Image-caption web data
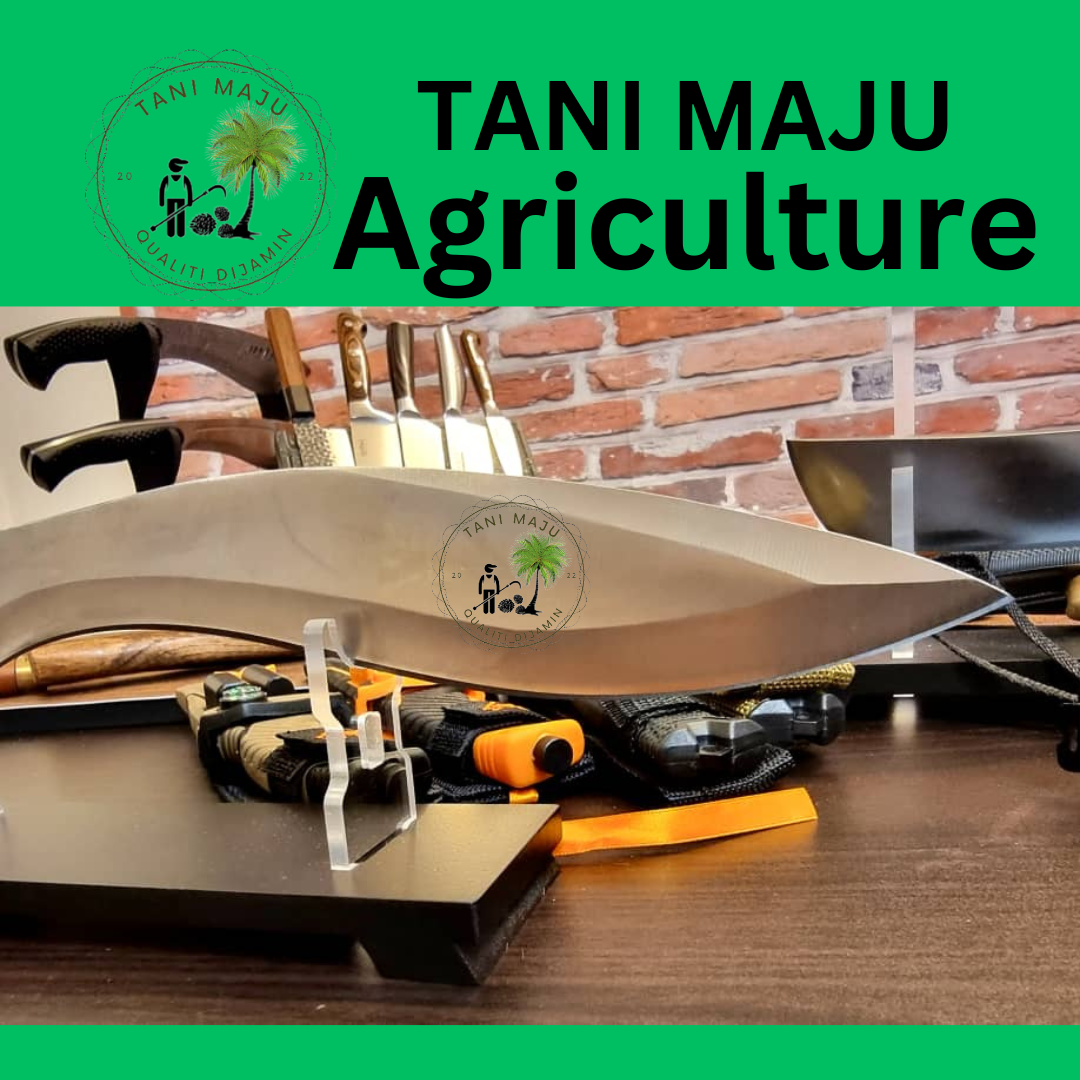 Model 306 / Pisau Ladang Bengkok 40cm – Baja Karbon + Sarung PERCUMA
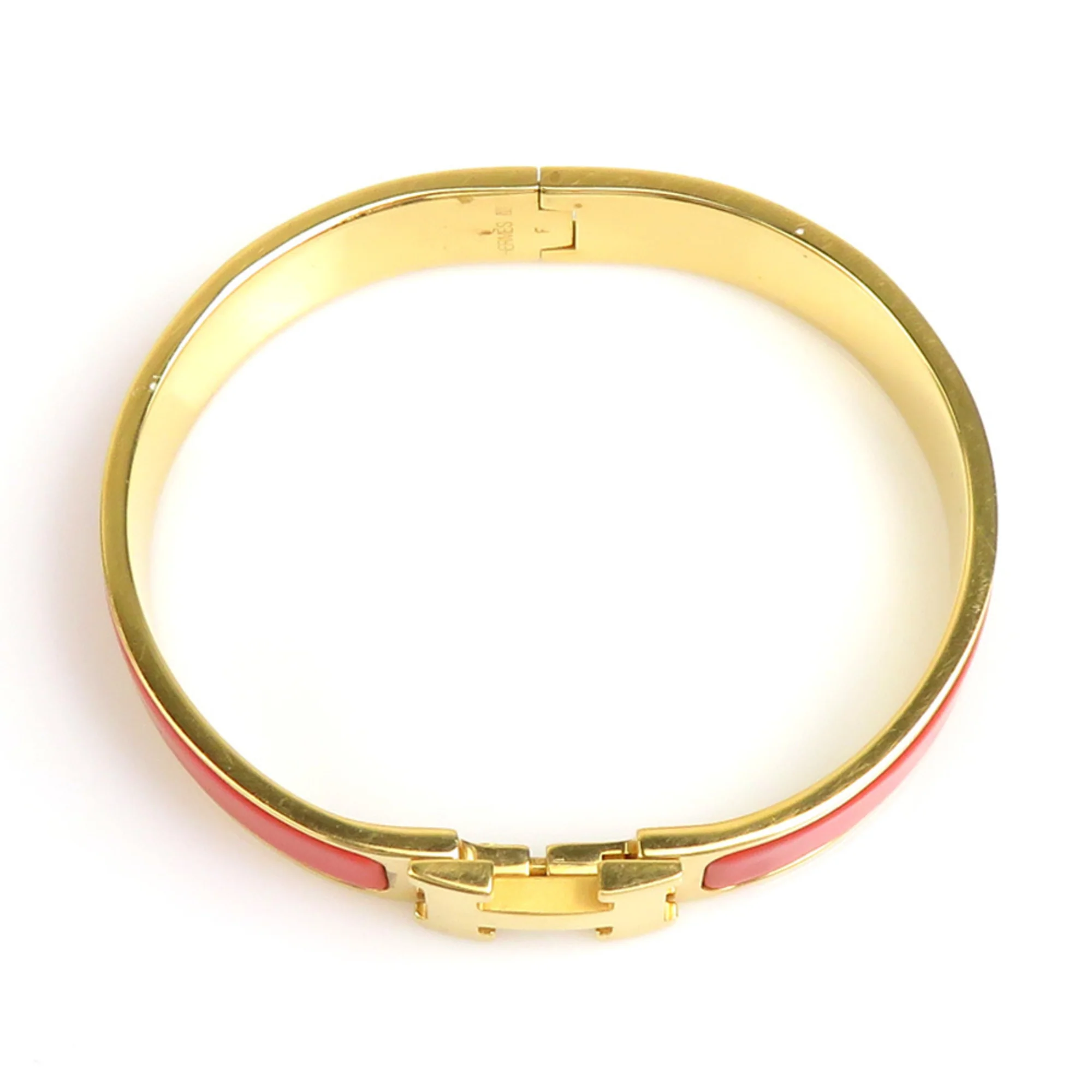 Enamel and Metal Bracelet Gold Orange - Image 5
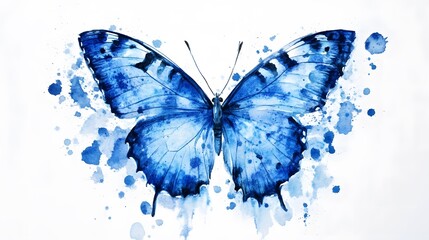 Watercolor Blue Butterfly
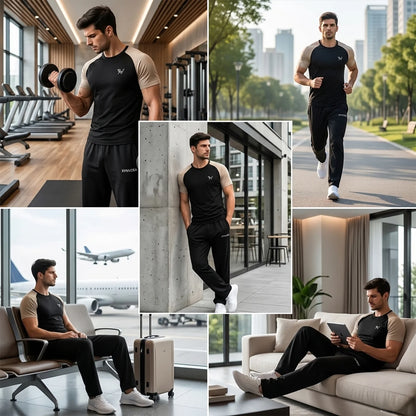 Xynvora Premium Men’s Activewear Tracksuit Performance Raglan Short-Sleeve T-Shirt & Athletic Track Pants Set Black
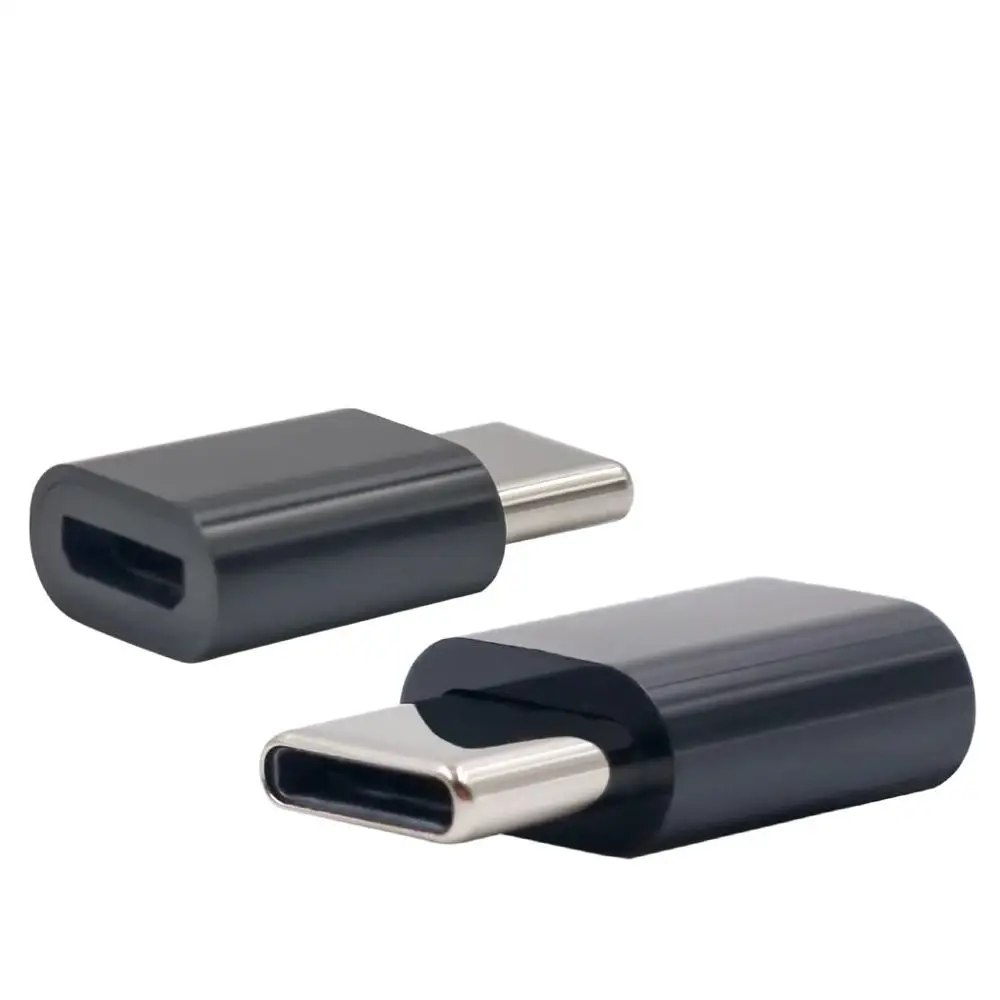 USB C адаптер/Тип usb-C для Micro USB данных зарядки адаптер конвертер для Xiaomi 4C 5 5S Mi5 huaWei P9 Lumia 950 LG - Цвет: Черный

## INSTRUCTIONS FOR THE TASK
Reproduce exactly and only the lines from the one with "Xynvora Premium Men’s" through the last entry, both included, excluding every picture.

## EXERCISE RESPONSE
 Xynvora Premium Men’s Activewear Tracksuit Performance Raglan Short-Sleeve T-Shirt & Athletic Track Pants Set Black
 USB C адаптер/Тип usb-C для Micro USB данных зарядки адаптер конвертер для Xiaomi 4C 5 5S Mi5 huaWei P9 Lumia 950 LG - Цвет: Черный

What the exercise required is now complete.